In the southern city of Basra, Iraqi police officers said gunmen killed a policeman and his sister. Basra authorities also arrested 18 people accused of kidnapping and selling women to foreigners.
U.S. military officials announced the deaths of six American soldiers. Two died in Baghdad, one by small-arms fire and one by a roadside bomb, officials said.

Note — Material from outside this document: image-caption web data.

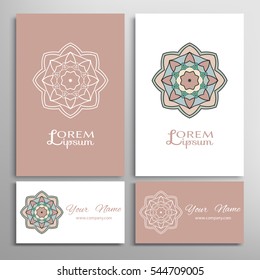 Mandala round ornaments, business cards set. Decorative design elements for logo, icon, label, invitation cards. Isolated floral patterns, stylized flower, star, snowflake. Tribal ethnic mandala decor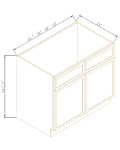 Bases para fregadero - 2 puertas, 2 cajones falsos
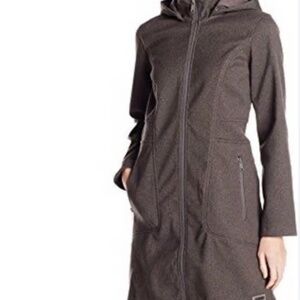 Merrell long hooded coat size L grey women's winter coat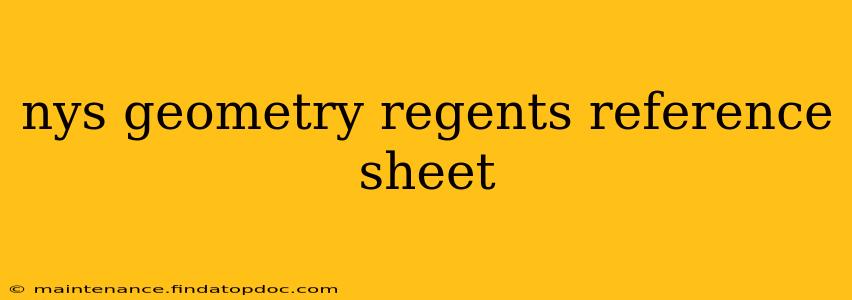 nys geometry regents reference sheet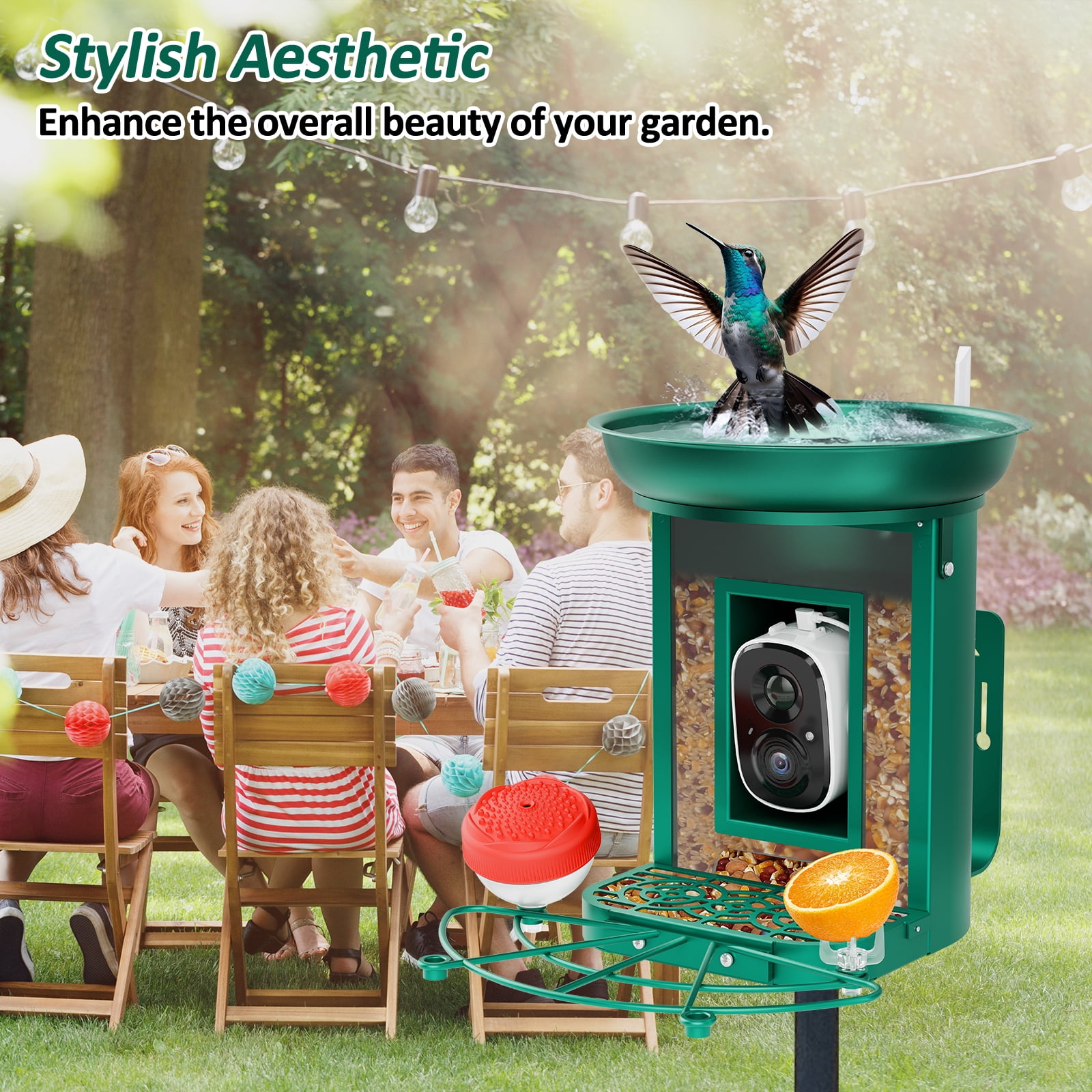 Bird Feeder with Camera, 2K Birds Camera with 3-in-1 Feeding, Drinking, and Bathing | AI Bird Identify, Real-Time Monitoring | IP65 for Outdoors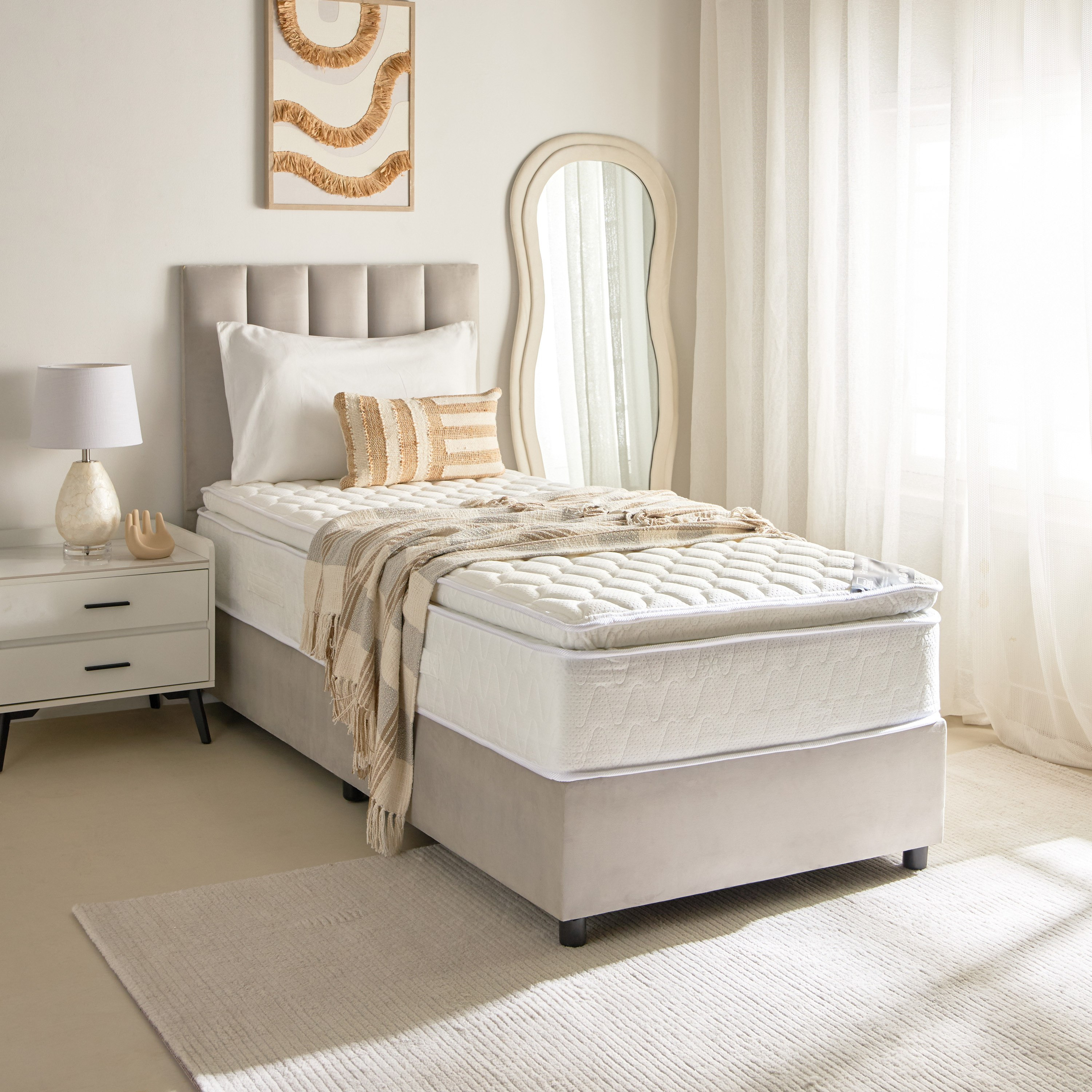 SleepNest iGrandeur Rest Medium Soft Pillow Top Bonnell Spring Single Mattress - 90x190x30 cm-hbxfurniture-bedroom-mattresses-single-image-9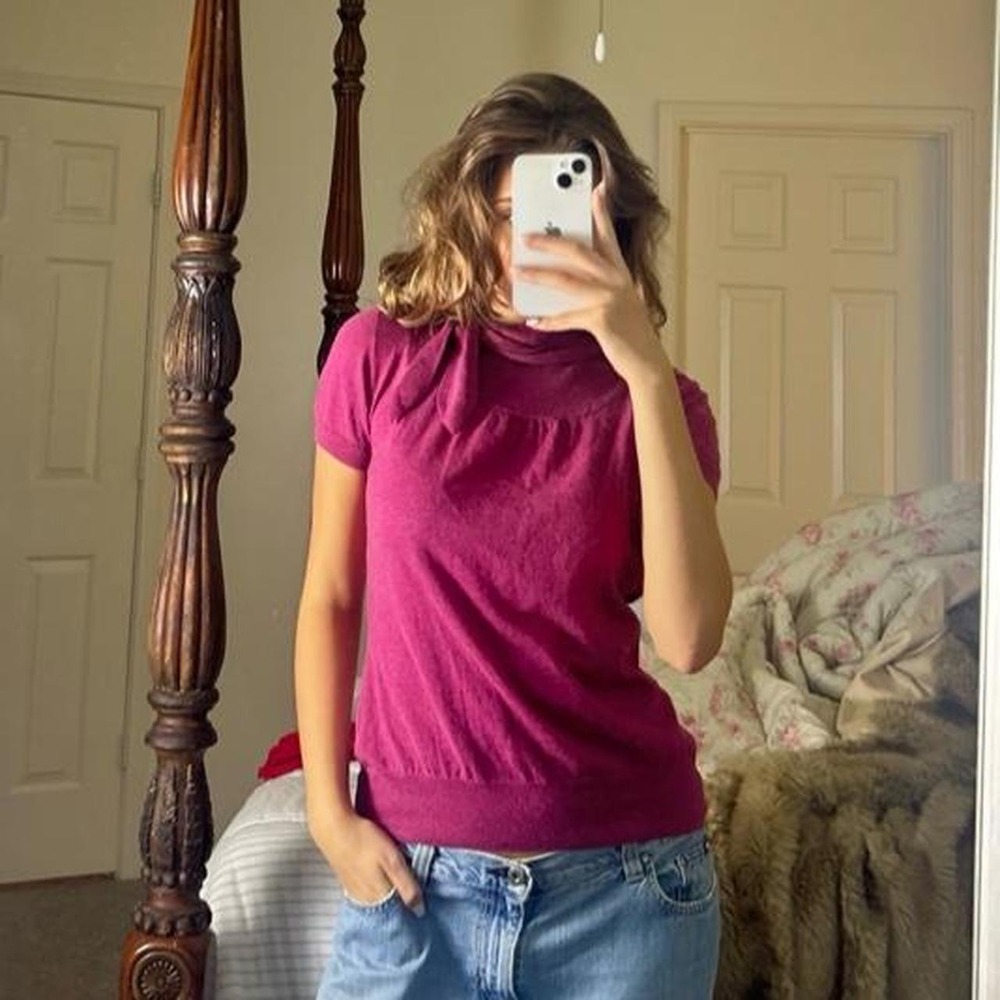 vintage magenta angora cashmere blend bow neck sweater blouse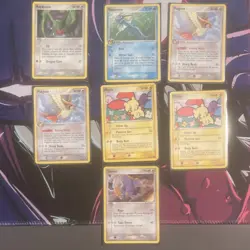 Pokemon TCG Pop Series Rayquaza 2005/2006 7 card lot vintage holo Swirl&cosmos - Image 1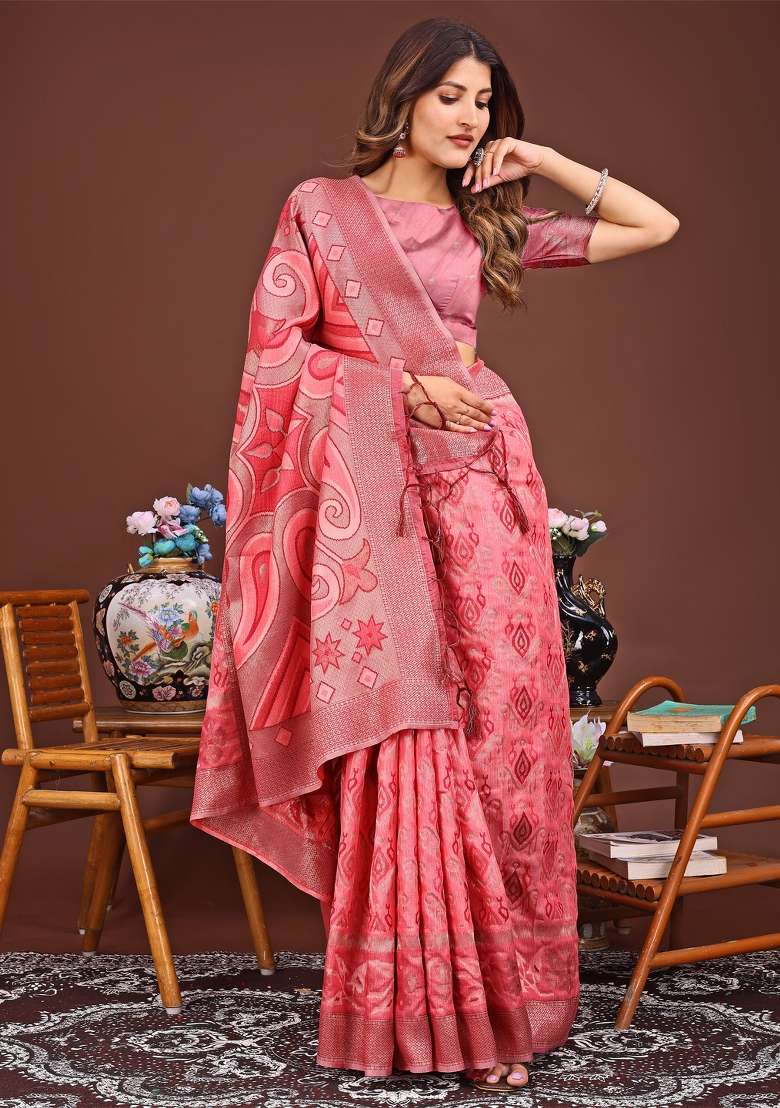 Peach Woven Cotton Blend Saree Set - Indya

Four more troops died in a roadside bombing north of Baghdad. No location was given, but eyewitnesses in Tarmiya, 35 miles north of the capital, said that a bomb destroyed an American armored vehicle and that no one survived.
Deputy Prime Minister Barham Salih said in an interview that the leading Shiite coalition was planning to reshuffle the Cabinet three months after the formation of the unity government.
“This is aimed at improving the performance of the government,” said Salih, who declined to identify which ministries would be affected.
Two senior U.S. military leaders in Iraq recently expressed concern that Interior Minister Jawad Bolani, a former engineer and Iraqi army officer with no police experience, had yet to rein in Shiite militias in the police forces. The paramilitary groups are accused of detaining and killing Sunni Arabs.
A conference of Sunni Arab tribal leaders from throughout Iraq ended Sunday with a declaration pledging support for Maliki, condemning killings and kidnappings of Iraqis, and calling for increased participation in Iraq’s political process.
The tribesmen also denounced “irresponsible actions by the multinational forces that are hurting innocent people.”
“What has been reflected in this conference is that there aren’t any real differences that should separate Iraqis from each other,” the declaration said.